Croatian-Danish actor Zlatko Burić plays Milo, the portly crime lord who happily juggles chats over buttery pastries with sending his boys to bash people’s knees in. Burić played the same role in the 1996 trilogy and he effortlessly nails the part.

“Pusher” isn’t the most original movie you could watch, but perfection isn’t everything. Look at the awkward, seemingly incompetent, sidekick thugs I mentioned above. Sometimes just being psycho is enough.

“Pusher” opens today in New York and LA (at the Sundance Sunset Cinema in West Hollywood). It is also available via video on demand.

‘Drive’ is full of killingly well-executed action scenes, sharp acting, ironic dialogue and ultra-snazzy visuals

Drive/2011/100 min.

By Michael Wilmington

“Drive” is a gut-twisting LA action movie, stripped to the bone, but also drenched with visual style. It’s about a driver played by Ryan Gosling who falls in love with the woman down the hall in his building, nervous Irene (Carey Mulligan), whose husband Standard (Oscar Isaac) just got out of jail and is being forced into another heist by shady moneymen Nino (Ron Perlman) and Bernie (Albert Brooks).

Albert Brooks

The show is full of killingly well-executed action scenes, sharp acting, ironic dialogue and ultra-snazzy visuals – all of which won Nicolas Winding Refn the Best Director prize at the last Cannes Film Festival. Hossein Amini wrote the script based on James Sallis’ novel.

It’s a movie built largely out of our memories of other movies, but that’s not necessarily bad. We know where this movie is coming from as soon as we know Gosling’s character has no name but The Driver – just like Ryan O’Neal in Walter Hill’s 1978 “The Driver.”

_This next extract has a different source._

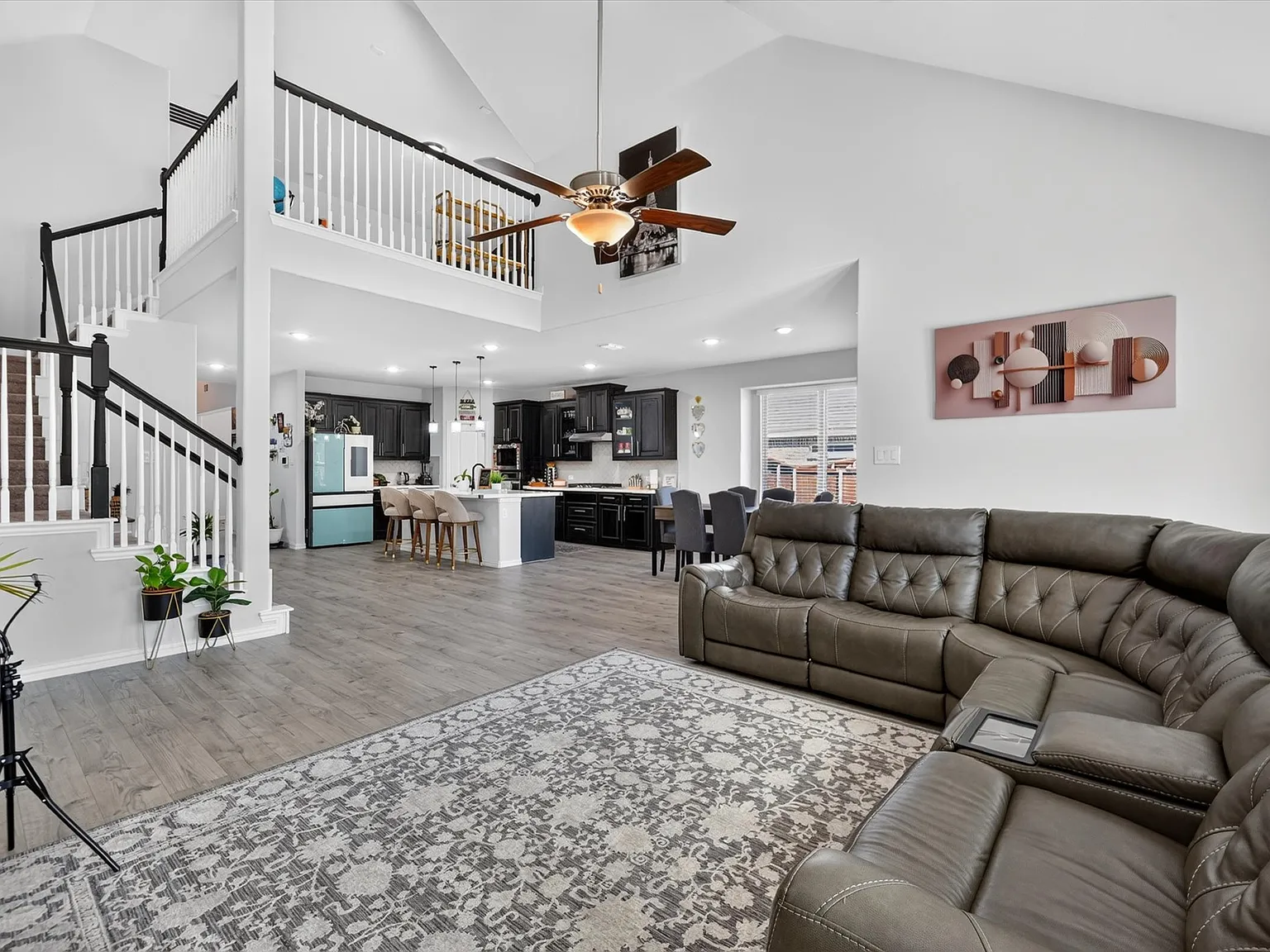 4 bed, 2.5 bath, 3108 sqft, $2,900 — Photo 4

Neo-noir is this picture’s middle name, and its forebears include “The Driver” (of course); John Boorman’s 1968 “Point Blank” with Lee Marvin; Peter Yates’ 1968 “Bullitt” with Steve McQueen; and Michael Mann’s outlaw movies “Thief” (1980) and “Heat” (1995). As you’d expect from a movie with that kind of lineage, “Drive” begins with a great chase and gives us a little dip under Gosling’s opaque exterior by letting us know that he’s a movie stunt driver by day and a getaway driver at night. (He allows his robber/clients only five minutes to get back to his car).

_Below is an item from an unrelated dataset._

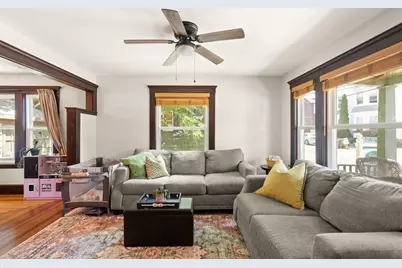 47 Wallis St, Beverly, MA 01915 - Photo 12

He’s also a prospective race car driver, for whom his auto shop owner/patron Shannon (Bryan Cranston) wants to get sponsorship. Shannon turns to the very same criminal financiers, Nino and Bernie, who want Standard to pull a job for them, for which Standard wants The Driver to drive. And The Driver does, mostly because he’s in love with Standard’s wife, Irene, and his little son Benicio (Kaden Leos).

The movie alternates its always-thrilling action scenes with more emotional character stuff – including a brilliant turn, Oscar-worthy really, by Brooks as the falsely good-natured gangster and ex-movie producer Bernie. (In the ’80s, says Bernie, he did action stuff that some critic called “European.”) The classy cast sometimes seems to be getting paid for holding it all back, especially Gosling, whose minimalism here makes vintage Eastwood or McQueen look like John Barrymore.

As the film goes on, it gets more violent. The violent scenes are short but extremely bloody. Since the movie plays some of its carnage with razor-sharp comic timing (especially Brooks’ scenes), it becomes more and more disturbing as well. There’s something sinister and icily detached about that comic violence. “Drive” suggests a world where brutality is rampant, where greed rules, where immorality thrives.

Though Refn may not have really made a classic neo-noir, it’s a very good effort. A little more Albert Brooks maybe. Not too much. Five minutes or less.